▸ **WHAT THE TASK REQUIRES**
Every line from the one containing "Mi Arcus Cotton" to the one containing "Beautiful Green Eyes" in the records below, both included, must be set down exactly, and no other line.

_ _ _ _ _ _ _

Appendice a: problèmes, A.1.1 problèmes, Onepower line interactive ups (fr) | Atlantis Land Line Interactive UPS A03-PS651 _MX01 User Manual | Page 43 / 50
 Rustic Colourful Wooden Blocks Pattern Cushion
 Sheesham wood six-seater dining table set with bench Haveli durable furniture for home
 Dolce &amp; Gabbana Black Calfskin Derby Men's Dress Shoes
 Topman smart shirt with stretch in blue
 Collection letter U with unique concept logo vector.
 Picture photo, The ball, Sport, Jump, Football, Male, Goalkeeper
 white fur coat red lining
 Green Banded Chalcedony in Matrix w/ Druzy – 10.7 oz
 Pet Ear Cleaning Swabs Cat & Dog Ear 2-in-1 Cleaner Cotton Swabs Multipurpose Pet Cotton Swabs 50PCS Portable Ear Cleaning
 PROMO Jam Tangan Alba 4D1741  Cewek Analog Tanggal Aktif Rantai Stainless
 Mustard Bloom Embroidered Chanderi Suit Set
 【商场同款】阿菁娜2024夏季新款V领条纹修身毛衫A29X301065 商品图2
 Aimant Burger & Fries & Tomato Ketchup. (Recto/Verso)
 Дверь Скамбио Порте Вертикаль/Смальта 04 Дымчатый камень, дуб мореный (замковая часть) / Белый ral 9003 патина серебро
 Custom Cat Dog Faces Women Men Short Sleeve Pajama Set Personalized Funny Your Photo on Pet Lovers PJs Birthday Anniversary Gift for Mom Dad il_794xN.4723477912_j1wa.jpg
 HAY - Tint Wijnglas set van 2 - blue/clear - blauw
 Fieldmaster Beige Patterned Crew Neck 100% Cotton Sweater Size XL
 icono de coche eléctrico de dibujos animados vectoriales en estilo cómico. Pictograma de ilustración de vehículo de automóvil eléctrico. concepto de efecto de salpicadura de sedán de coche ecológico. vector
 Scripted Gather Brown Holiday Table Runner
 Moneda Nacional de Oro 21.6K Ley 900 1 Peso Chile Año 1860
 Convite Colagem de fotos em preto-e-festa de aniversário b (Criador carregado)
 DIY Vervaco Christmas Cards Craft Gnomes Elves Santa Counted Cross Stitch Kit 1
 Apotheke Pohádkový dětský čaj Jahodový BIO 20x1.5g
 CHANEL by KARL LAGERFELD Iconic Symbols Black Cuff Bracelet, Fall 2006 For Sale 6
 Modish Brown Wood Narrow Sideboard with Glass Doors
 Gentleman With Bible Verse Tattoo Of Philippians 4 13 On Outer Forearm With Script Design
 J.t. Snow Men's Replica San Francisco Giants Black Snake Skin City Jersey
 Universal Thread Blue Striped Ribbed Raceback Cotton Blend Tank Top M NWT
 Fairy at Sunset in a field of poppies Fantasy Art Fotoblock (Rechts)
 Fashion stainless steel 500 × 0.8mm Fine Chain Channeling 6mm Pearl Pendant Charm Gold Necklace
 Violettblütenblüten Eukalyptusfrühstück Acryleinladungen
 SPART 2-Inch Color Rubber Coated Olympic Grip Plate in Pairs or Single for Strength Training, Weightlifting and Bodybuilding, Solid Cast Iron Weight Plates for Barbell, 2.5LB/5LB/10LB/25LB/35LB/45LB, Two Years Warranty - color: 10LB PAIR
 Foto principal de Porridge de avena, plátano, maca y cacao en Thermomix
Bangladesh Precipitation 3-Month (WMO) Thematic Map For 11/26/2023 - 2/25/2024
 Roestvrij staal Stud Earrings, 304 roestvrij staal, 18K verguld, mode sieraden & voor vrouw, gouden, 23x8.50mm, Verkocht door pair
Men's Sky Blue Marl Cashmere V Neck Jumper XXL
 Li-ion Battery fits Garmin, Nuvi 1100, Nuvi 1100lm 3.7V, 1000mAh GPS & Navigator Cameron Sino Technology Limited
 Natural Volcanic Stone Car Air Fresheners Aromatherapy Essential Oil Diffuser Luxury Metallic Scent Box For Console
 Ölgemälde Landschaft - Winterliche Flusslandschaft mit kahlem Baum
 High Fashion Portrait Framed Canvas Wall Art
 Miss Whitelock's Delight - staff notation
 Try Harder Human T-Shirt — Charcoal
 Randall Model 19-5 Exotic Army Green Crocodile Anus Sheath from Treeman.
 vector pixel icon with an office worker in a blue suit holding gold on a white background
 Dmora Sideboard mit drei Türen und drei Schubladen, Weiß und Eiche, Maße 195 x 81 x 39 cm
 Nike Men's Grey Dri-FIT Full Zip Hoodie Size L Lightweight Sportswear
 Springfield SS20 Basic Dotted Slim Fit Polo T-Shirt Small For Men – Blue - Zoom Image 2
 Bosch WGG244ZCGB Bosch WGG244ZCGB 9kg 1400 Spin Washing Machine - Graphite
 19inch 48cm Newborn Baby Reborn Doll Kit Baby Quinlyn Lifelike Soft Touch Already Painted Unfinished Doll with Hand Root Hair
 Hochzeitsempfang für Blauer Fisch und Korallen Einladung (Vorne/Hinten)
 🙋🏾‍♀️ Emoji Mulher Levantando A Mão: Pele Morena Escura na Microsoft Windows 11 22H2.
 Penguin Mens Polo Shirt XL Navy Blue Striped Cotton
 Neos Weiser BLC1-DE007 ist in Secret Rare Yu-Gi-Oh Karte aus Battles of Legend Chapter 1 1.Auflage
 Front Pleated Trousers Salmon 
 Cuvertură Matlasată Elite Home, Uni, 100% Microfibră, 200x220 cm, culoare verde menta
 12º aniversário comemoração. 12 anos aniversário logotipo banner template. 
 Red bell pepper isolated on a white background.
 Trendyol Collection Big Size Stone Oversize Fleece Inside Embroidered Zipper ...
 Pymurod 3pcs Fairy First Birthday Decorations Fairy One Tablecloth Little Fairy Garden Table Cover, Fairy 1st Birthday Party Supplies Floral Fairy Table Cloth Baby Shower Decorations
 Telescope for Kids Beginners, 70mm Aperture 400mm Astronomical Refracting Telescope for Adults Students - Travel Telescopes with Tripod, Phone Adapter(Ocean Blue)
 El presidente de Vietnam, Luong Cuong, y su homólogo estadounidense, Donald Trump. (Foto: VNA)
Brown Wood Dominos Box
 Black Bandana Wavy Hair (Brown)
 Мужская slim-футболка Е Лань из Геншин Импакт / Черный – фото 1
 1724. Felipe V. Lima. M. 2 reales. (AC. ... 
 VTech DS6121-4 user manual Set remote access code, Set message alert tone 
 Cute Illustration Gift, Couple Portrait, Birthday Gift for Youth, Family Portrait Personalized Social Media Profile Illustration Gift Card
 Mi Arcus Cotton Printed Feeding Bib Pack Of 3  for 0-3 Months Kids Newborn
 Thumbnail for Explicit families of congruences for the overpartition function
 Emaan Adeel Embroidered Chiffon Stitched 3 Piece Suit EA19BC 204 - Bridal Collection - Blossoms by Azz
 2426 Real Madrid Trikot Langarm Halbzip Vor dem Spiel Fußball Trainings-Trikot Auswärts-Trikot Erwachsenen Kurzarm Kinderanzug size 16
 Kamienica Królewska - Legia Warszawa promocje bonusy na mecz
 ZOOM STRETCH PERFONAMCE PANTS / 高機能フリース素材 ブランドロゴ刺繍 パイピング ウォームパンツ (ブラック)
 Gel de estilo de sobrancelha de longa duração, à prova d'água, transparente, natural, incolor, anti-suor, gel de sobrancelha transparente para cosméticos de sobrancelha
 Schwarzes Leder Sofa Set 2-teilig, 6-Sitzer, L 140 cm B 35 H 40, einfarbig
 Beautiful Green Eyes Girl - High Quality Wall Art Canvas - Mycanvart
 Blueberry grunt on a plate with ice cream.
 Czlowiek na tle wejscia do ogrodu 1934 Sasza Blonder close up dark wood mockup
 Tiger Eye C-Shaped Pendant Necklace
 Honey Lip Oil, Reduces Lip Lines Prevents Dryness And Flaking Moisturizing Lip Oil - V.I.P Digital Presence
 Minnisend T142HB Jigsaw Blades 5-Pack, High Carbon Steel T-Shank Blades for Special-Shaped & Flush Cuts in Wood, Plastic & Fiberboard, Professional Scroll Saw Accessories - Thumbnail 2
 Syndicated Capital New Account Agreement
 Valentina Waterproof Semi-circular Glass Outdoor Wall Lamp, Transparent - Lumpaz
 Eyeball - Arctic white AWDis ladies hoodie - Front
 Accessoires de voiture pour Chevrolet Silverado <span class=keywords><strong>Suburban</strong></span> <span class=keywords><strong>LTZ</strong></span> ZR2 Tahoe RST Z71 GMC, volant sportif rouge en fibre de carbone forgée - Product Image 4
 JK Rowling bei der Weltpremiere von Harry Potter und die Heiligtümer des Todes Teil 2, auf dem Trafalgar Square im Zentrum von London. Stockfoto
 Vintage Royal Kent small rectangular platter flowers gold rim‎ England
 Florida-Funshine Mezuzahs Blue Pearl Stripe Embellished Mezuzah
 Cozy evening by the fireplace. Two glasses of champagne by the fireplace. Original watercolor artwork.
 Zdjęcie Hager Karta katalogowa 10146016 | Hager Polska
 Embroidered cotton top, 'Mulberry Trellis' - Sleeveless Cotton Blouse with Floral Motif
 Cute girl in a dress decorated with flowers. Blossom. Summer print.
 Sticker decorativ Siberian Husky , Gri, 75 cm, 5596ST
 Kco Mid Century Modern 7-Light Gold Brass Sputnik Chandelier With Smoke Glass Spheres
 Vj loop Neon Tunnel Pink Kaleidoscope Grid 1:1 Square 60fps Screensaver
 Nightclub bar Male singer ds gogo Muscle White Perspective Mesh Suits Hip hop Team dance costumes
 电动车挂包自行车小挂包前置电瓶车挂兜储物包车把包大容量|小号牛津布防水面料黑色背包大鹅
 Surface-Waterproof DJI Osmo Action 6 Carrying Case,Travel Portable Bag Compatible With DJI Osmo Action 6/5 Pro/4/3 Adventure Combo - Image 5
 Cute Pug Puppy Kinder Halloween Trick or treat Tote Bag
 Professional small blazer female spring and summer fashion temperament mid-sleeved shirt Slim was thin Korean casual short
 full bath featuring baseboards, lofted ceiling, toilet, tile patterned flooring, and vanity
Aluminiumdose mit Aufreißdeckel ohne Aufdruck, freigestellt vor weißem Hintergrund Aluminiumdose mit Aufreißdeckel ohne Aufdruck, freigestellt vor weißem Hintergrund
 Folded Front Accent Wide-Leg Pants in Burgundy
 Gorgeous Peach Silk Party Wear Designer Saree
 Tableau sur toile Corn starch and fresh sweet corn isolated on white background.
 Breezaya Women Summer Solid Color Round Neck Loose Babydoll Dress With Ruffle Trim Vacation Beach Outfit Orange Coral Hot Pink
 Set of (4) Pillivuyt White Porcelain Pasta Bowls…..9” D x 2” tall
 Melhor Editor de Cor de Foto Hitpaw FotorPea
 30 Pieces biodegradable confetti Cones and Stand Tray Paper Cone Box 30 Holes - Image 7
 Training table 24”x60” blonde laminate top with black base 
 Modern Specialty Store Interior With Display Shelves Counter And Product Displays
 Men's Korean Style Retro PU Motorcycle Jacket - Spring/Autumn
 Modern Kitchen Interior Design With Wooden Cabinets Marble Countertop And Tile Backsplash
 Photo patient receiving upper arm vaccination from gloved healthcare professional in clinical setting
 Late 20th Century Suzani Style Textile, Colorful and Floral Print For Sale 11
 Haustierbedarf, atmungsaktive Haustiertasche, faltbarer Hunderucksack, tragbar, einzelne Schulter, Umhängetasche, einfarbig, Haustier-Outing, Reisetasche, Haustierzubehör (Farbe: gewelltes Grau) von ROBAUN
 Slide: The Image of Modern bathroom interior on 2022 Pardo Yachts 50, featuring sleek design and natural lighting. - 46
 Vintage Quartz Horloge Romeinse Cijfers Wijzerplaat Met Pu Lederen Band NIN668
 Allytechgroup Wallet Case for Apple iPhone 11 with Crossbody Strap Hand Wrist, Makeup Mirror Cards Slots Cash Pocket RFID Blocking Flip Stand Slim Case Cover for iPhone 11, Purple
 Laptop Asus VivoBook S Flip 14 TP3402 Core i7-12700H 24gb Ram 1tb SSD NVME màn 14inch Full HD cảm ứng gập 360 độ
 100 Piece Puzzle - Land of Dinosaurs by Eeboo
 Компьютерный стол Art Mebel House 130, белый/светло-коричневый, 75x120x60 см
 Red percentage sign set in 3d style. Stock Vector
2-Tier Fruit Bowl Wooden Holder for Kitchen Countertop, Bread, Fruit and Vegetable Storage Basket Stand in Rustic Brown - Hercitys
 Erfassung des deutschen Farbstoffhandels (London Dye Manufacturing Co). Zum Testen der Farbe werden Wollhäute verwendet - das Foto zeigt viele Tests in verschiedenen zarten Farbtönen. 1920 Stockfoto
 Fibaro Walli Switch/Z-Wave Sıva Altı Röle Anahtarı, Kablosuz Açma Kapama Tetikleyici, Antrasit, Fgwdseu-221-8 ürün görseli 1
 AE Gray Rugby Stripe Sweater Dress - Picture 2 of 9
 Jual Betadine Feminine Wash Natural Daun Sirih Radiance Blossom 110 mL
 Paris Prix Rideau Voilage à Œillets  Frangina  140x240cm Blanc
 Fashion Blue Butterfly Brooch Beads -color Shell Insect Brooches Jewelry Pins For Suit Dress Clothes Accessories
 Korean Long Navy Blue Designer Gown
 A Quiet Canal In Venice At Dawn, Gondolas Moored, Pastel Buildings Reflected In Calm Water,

_ _ _ _ _ _ _

▸ **EXERCISE OUTPUT**
 Mi Arcus Cotton Printed Feeding Bib Pack Of 3  for 0-3 Months Kids Newborn
 Thumbnail for Explicit families of congruences for the overpartition function
 Emaan Adeel Embroidered Chiffon Stitched 3 Piece Suit EA19BC 204 - Bridal Collection - Blossoms by Azz
 2426 Real Madrid Trikot Langarm Halbzip Vor dem Spiel Fußball Trainings-Trikot Auswärts-Trikot Erwachsenen Kurzarm Kinderanzug size 16
 Kamienica Królewska - Legia Warszawa promocje bonusy na mecz
 ZOOM STRETCH PERFONAMCE PANTS / 高機能フリース素材 ブランドロゴ刺繍 パイピング ウォームパンツ (ブラック)
 Gel de estilo de sobrancelha de longa duração, à prova d'água, transparente, natural, incolor, anti-suor, gel de sobrancelha transparente para cosméticos de sobrancelha
 Schwarzes Leder Sofa Set 2-teilig, 6-Sitzer, L 140 cm B 35 H 40, einfarbig
 Beautiful Green Eyes Girl - High Quality Wall Art Canvas - Mycanvart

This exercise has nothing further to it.